Loss is NaN in PLATIPUS
ju-leon opened this issue · 2 comments
Hi,
when trying to run Platipus.py with the provided defaults:
python3 main.py --datasource SineLine --ml-algorithm platipus --num-models 4 --first-order --network-architecture FcNet --no-batchnorm --num-ways 1 --k-shot 5 --inner-lr 0.001 --meta-lr 0.001 --num-epochs 100 --resume-epoch 0 --train
the following error occurs:
Platipus.py, line 195: ValueError: Loss is NaN.

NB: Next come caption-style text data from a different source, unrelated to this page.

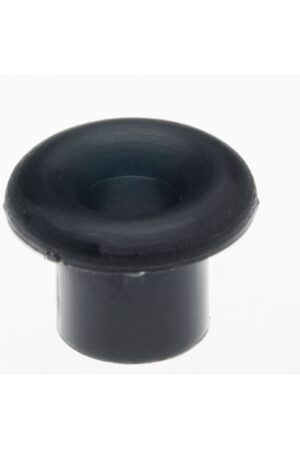 BUSH 6MM BLACK (PK SIZE: 100)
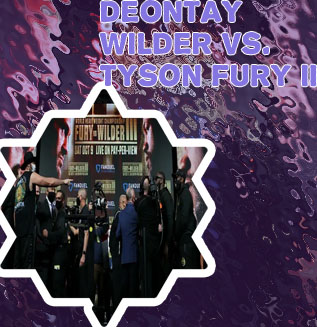 Odds on fury wilder fight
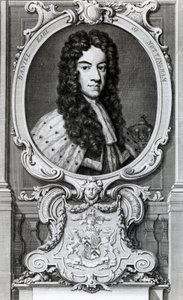 Daniel Finch, 2e comte de Nottingham et 7e comte de Winchilsea (1647-1730) - Jacobus Houbraken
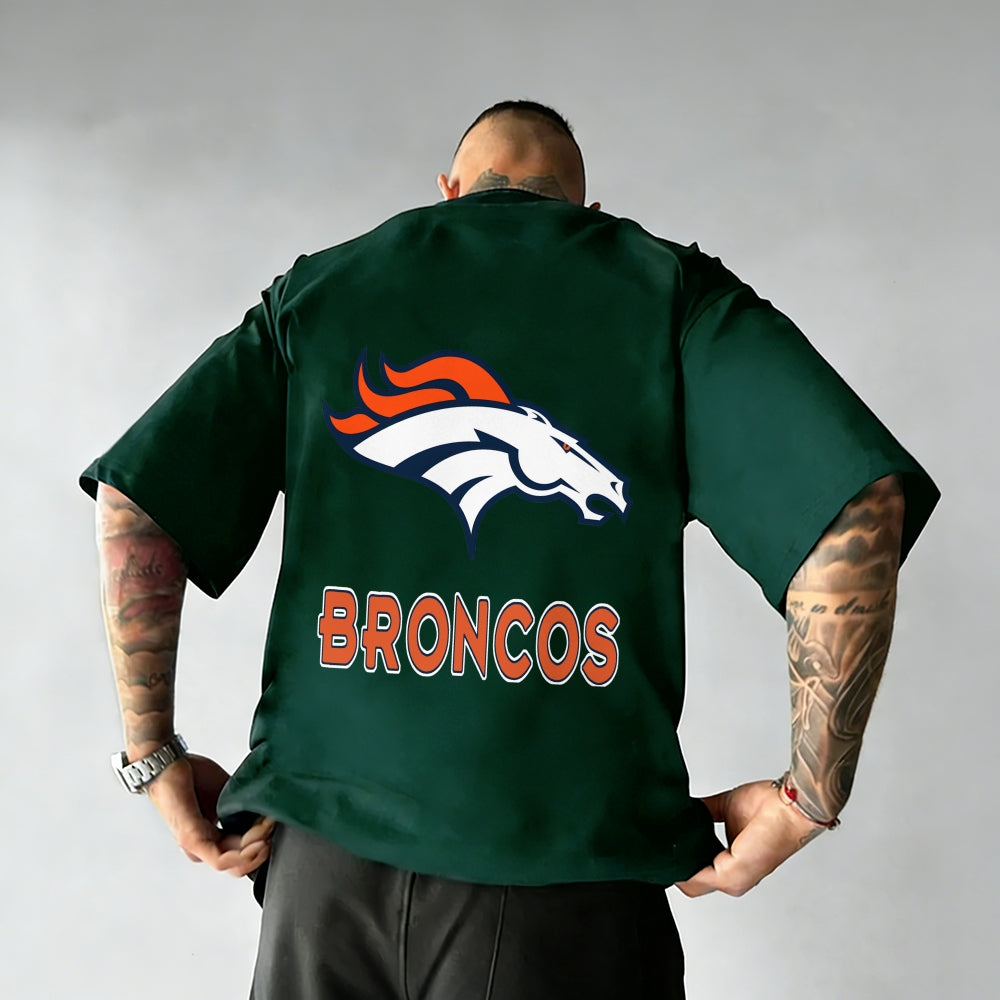 Unisex “Denver Broncos” T-shirt.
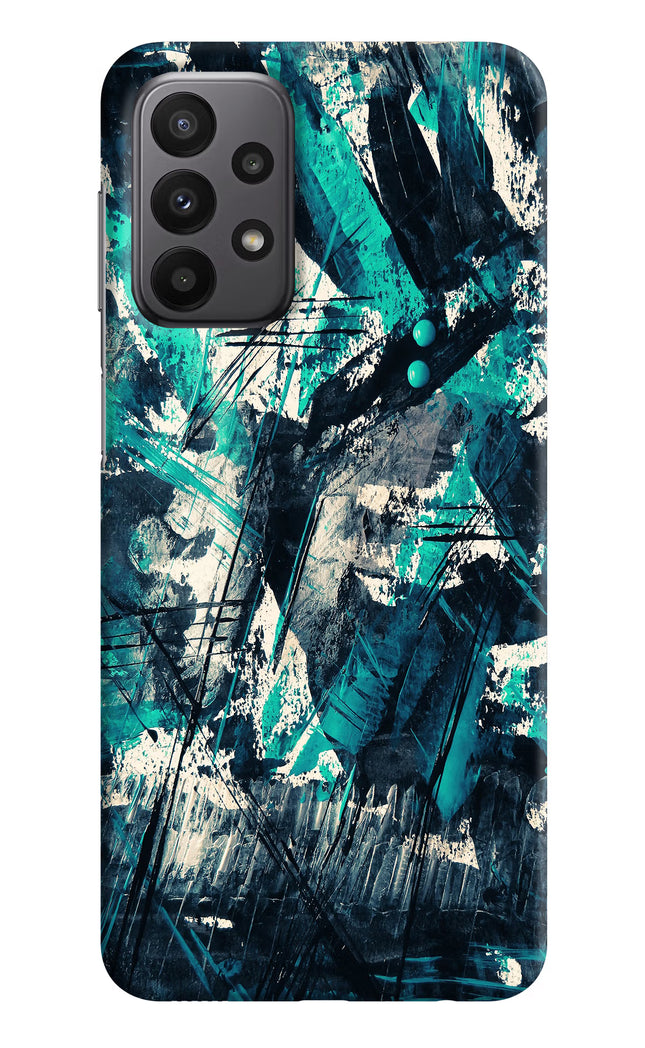 Artwork Samsung A23 Hard Case Back Cover by Casekaro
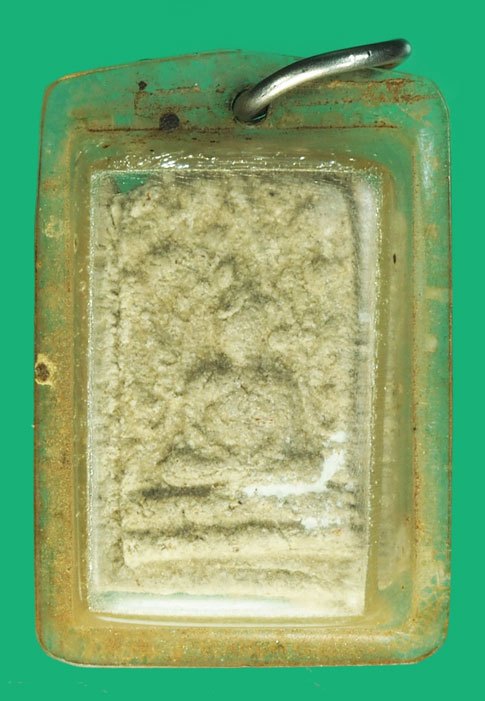 *37731 พระพุทธชินราชท่าเรือหลวงพ่อเพ้ง ปี 2493 เนื้อผง วัดหน้าพระธาตุ จ.นครศรีธรรมราช 39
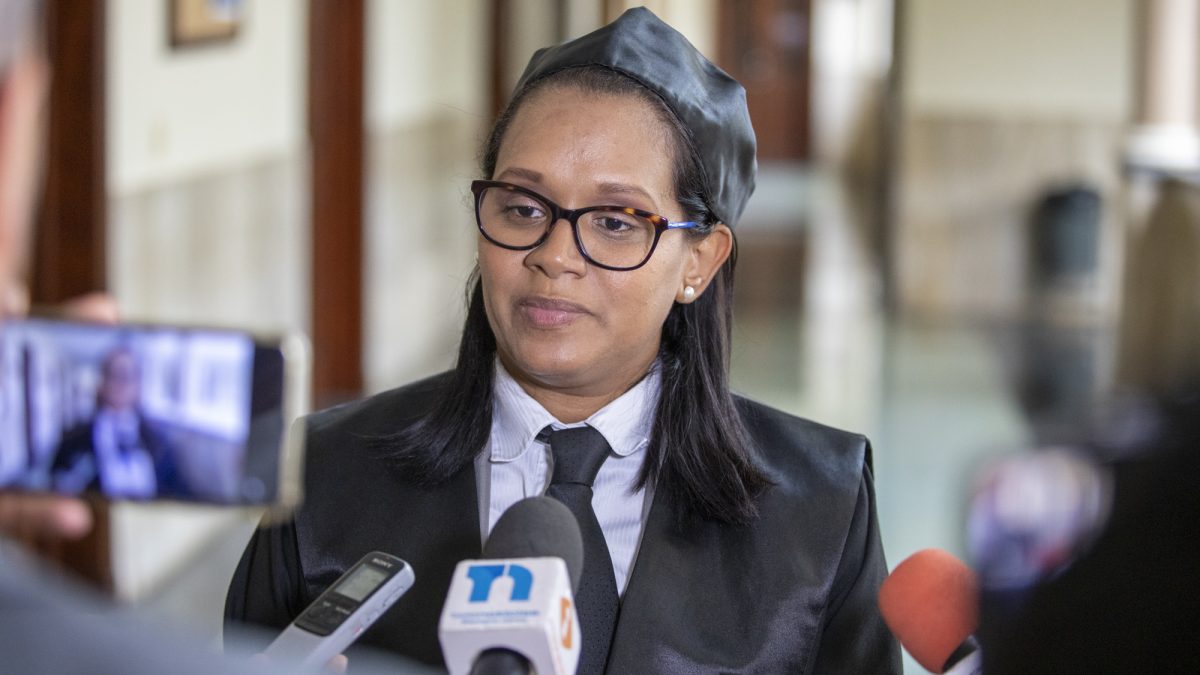 MP dice no tiene fundamento solicitud de nulidad acusación Alexis Medina
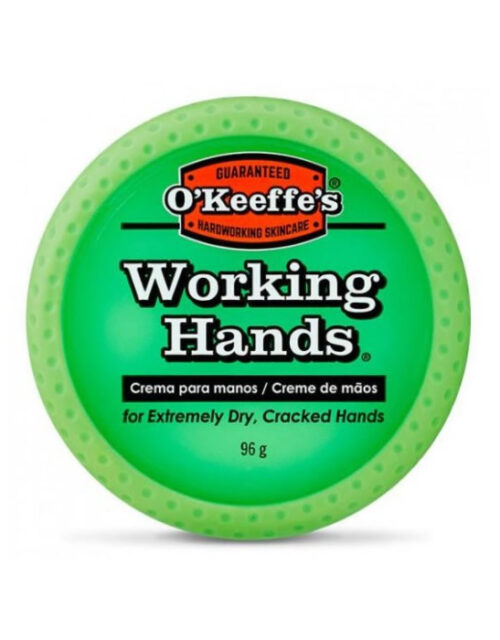 O'Keeffe's Working Hands 96g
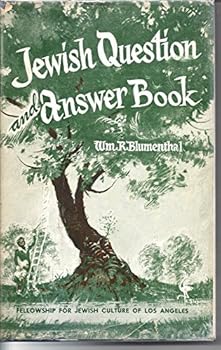 Hardcover Jewish Question And Answer Book On The Bible, Jewish Lore And Holidays Book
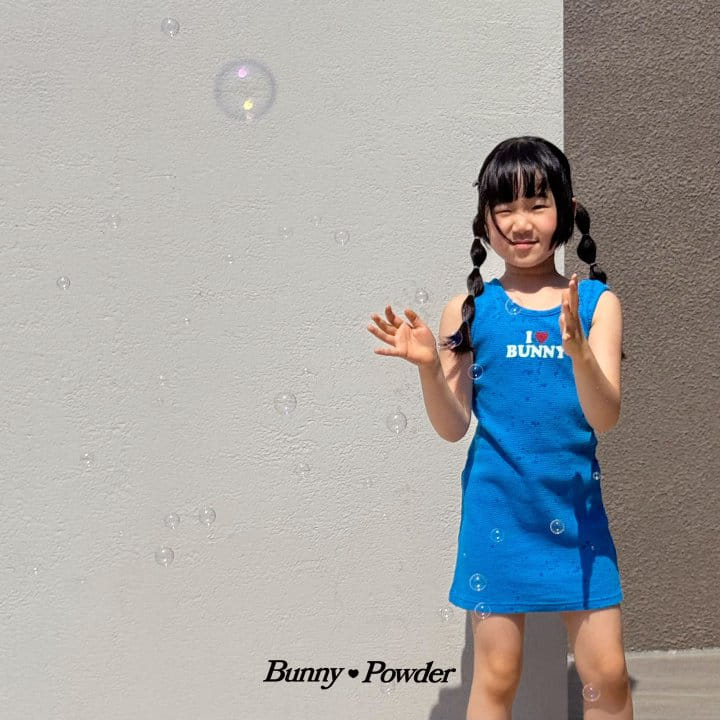 Bunny Powder - Korean Children Fashion - #minifashionista - Water Bam One-Piece - 3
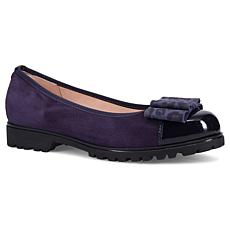 Ron White Iris Ballet Flat with Ultralight Sole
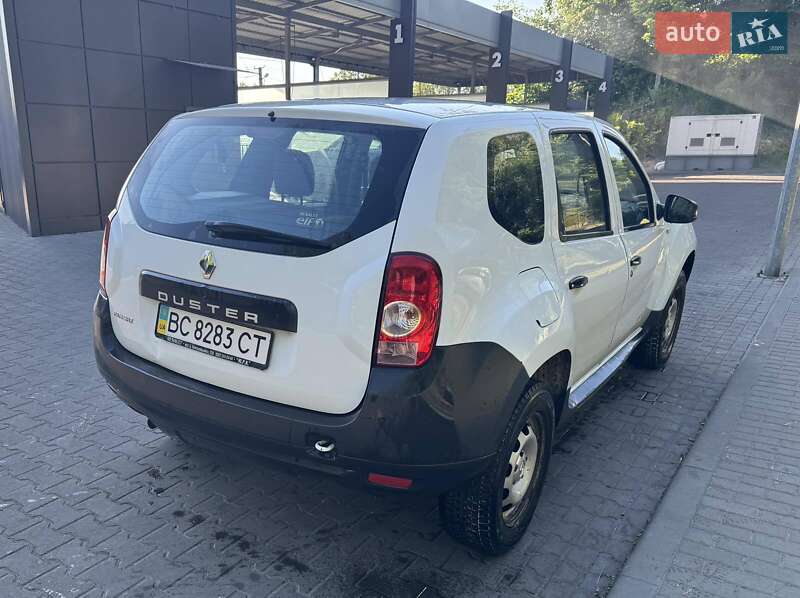 Внедорожник / Кроссовер Renault Duster 2012 в Львове фото 8 Внедорожник / Кроссовер Renault Duster 2012 в Львове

Do you have any idea what might cause this? Doesn't seem to be a config issue since both defaults and altered params don't get any other results.
Thanks!
Leon
Hi Ju-leon,
Training PLATIPUS is not as straight-forward as other meta-learning methods in the repository, especially for regression since the loss at the beginning of the training might be very large, leading to exploding gradient. That is why the loss is NaN.
As specified at the top of the PLATIPUS script, we properly need to train MAML first, then use MAML as a pre-trained model for PLATIPUS mean parameter.
Another way is to put some gradient clipping for the task adaptation step (a.k.a. inner-loop) and the update for meta-parameter (outer-loop).
Thanks for the quick reply.
Clipping the loss function seems to work pretty well